In het geval van Gorter heeft zo'n lezer - een kenner die zijn instrumenten leent aan onvoorbereide lezers - weet van de ontwikkeling in het werk, van de twee pogingen in Verzen (1890 - later ook School der poëzie genoemd) om met taal iets onmogelijks te doen: ten eerste een zo verregaande eenvoud (zie je ik hou van je) dat elk raffinement, elke verbijzondering verloren dreigt te gaan, met als limiet nietszeggendheid of cliché; ten tweede een zo verregaande ontbinding van taal (woordkeus, logika, zinsbouw) om de kleinste nuances van indrukken weer te geven, dat de kommunikatie verloren dreigt te gaan, met als limiet onverstaanbaarheid. Beide pogingen bieden uiteindelijk geen perspektief, verder gaan wordt onmogelijk, de hele kreativiteit komt op het spel te staan, een bindende, reddende idee wordt noodzakelijk. Voor Gorter tenminste, want een dichter als Mallarmé ziet wel kans in dergelijke grensgebieden, waar leven en dood elkaar raken, te blijven werken.
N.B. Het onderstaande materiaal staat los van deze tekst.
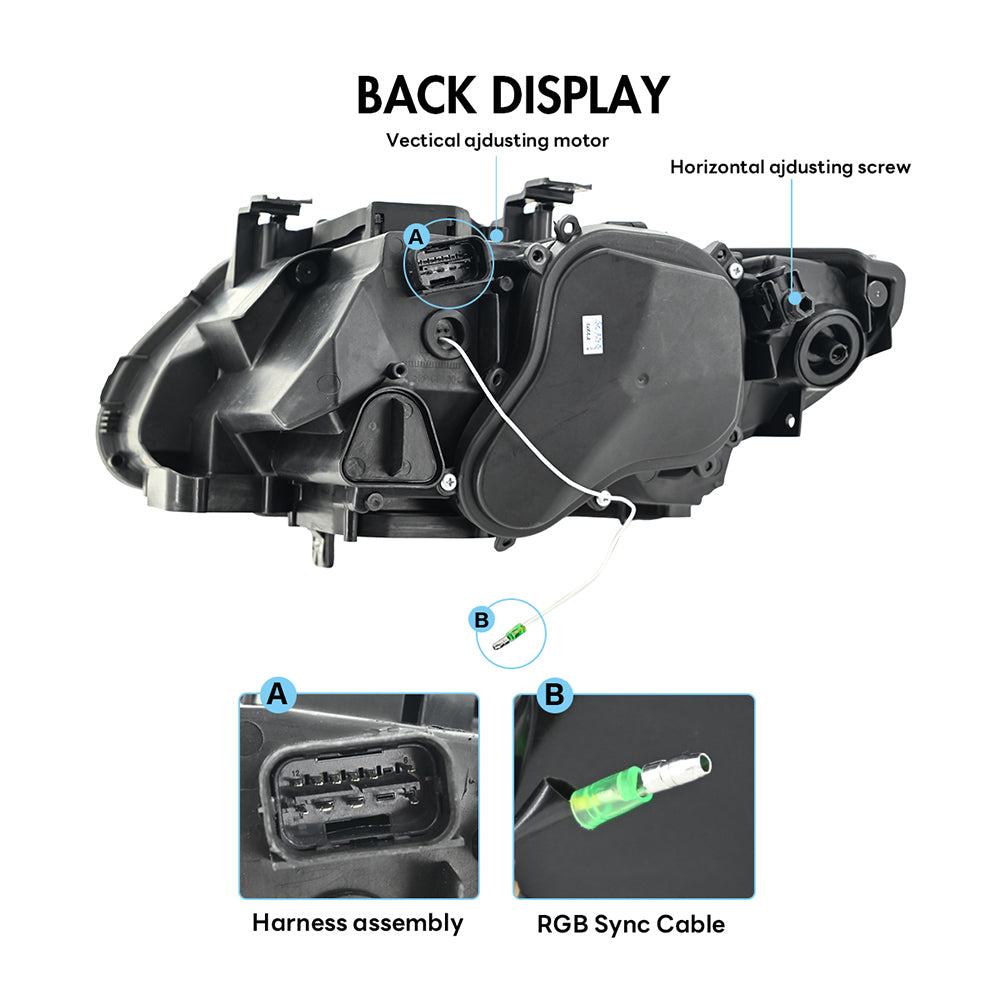 BMW 3-Series RGB LED Headlights (2007-2010 E92/E93/Coupe), Fits 325i/328i/335i, Plug and Play, Easy Installation - Kuerled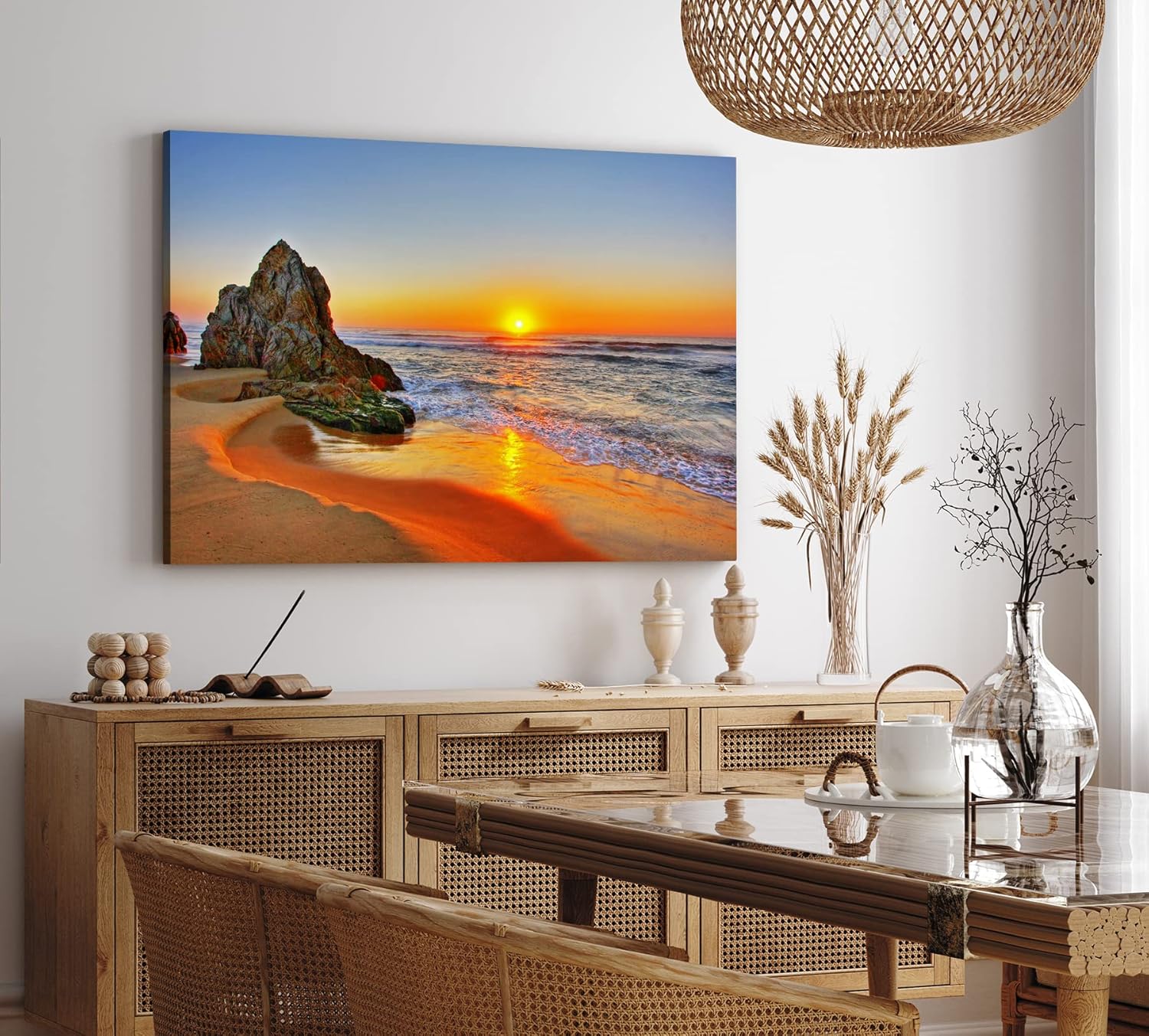 Paul Sinus Wandbild 120x80cm Sonnenuntergang Abendröte Fels Strand Meer Horizont Romantisch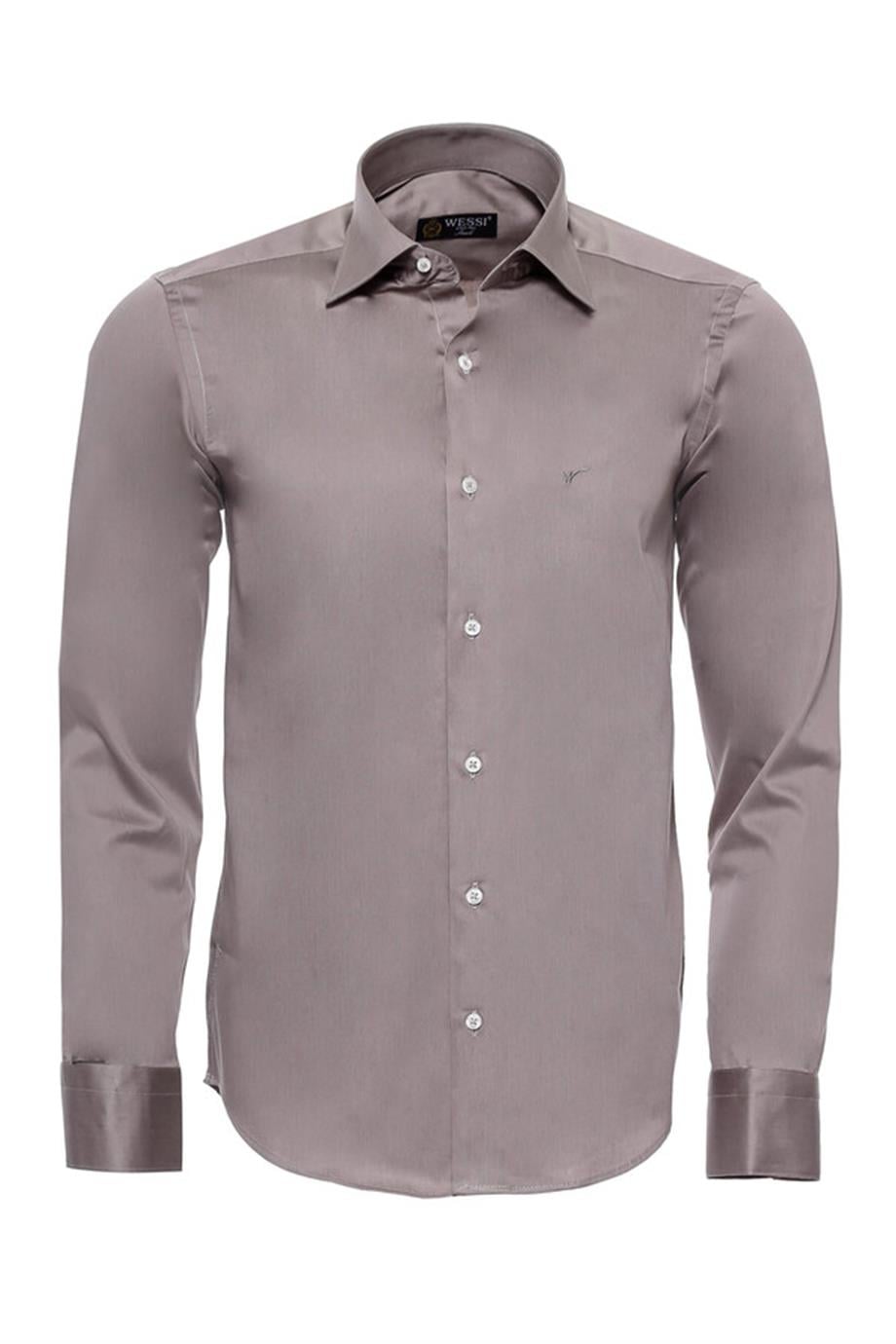 Slimfit Uzun Kollu Gri Erkek Gömlek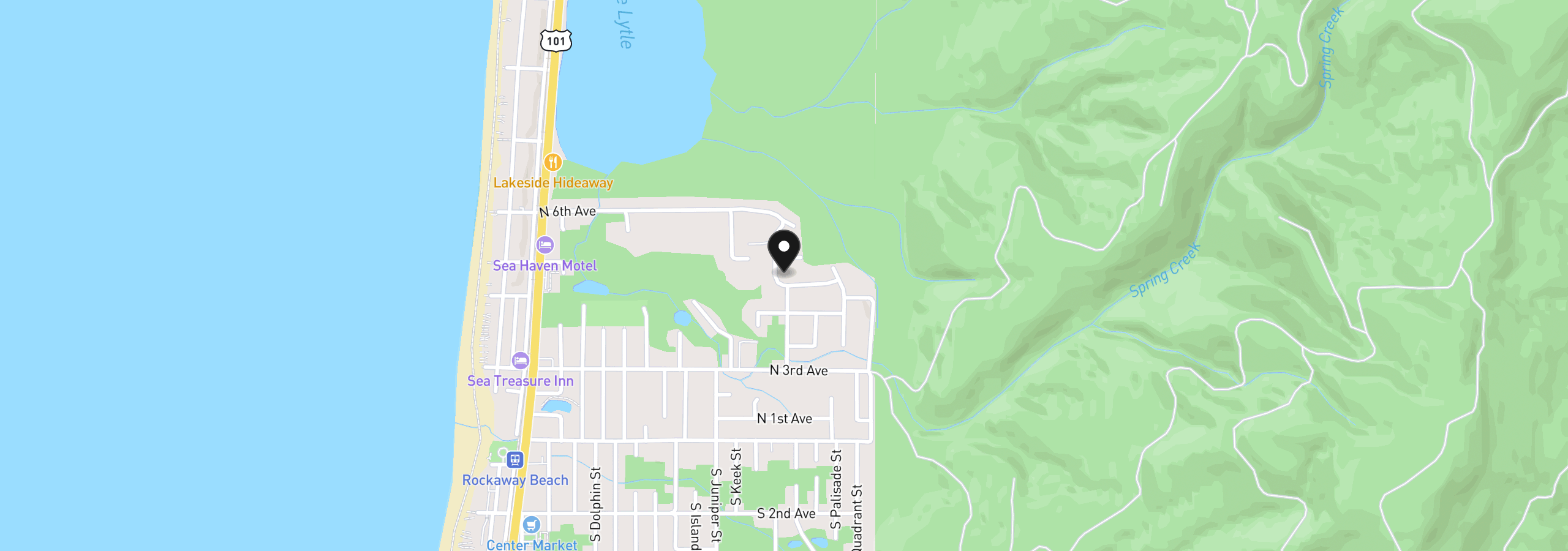 Map showing the location of 450 Cedar Creek Cir, Rockaway Beach, OR 97136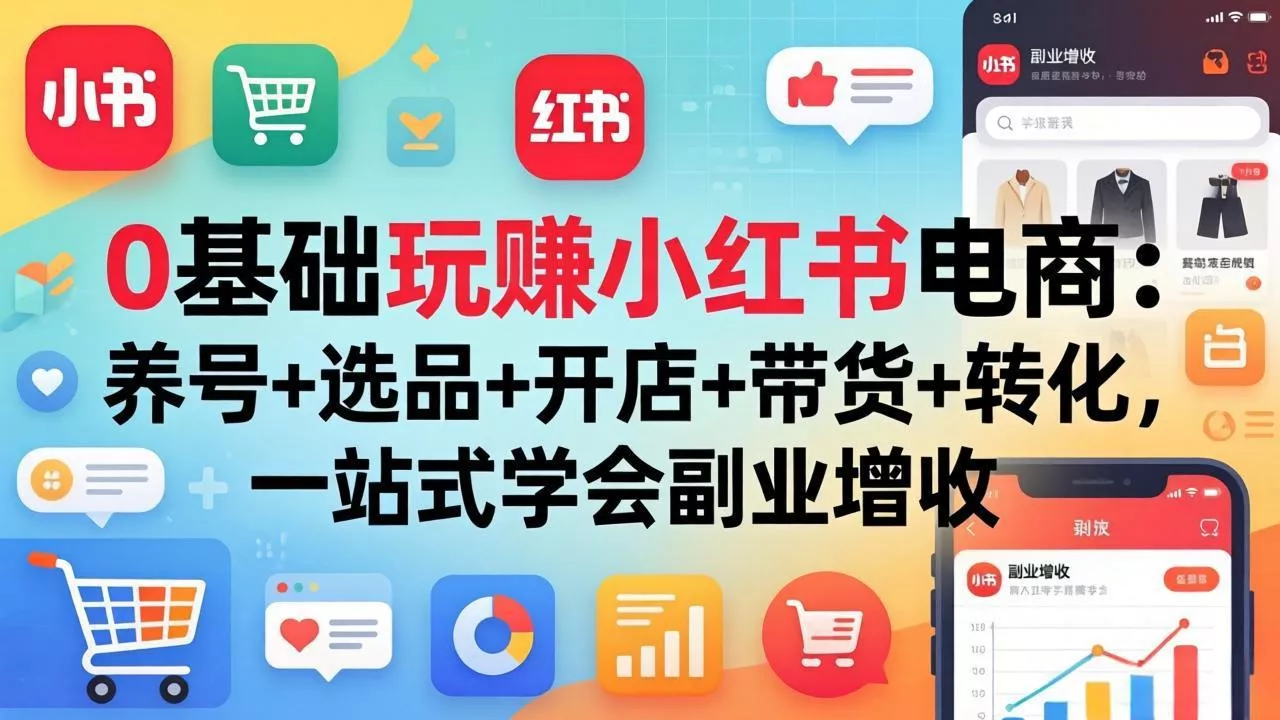 0基础玩赚小红书电商：养号+选品+开店+带货+转化，一站式学会副业增收 - 付费阅读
Leven, zoele omsomberde, het slotgedicht van Verzen, is ook werkelijk een sluitstuk, vlak hierna verschijnen de Kenteringssonnetten, die een ingrijpende verandering in het proces betekenen. Tot zover de voor-geschiedenis van de tekst en het persoonlijk belang van de schrijver, die blijkens het vervolg zegt: tot hier en niet verder, moduleert die tekst en de betekenis ervan bij voorbaat.
Juist omdat het gedicht een plaats inneemt in het werk, een momentopname is in een ontwikkeling, is het goed in eerste instantie de tekst ook als een ruimte te betreden, niet als een reeks, willekeurige, elkaar opvolgende woorden.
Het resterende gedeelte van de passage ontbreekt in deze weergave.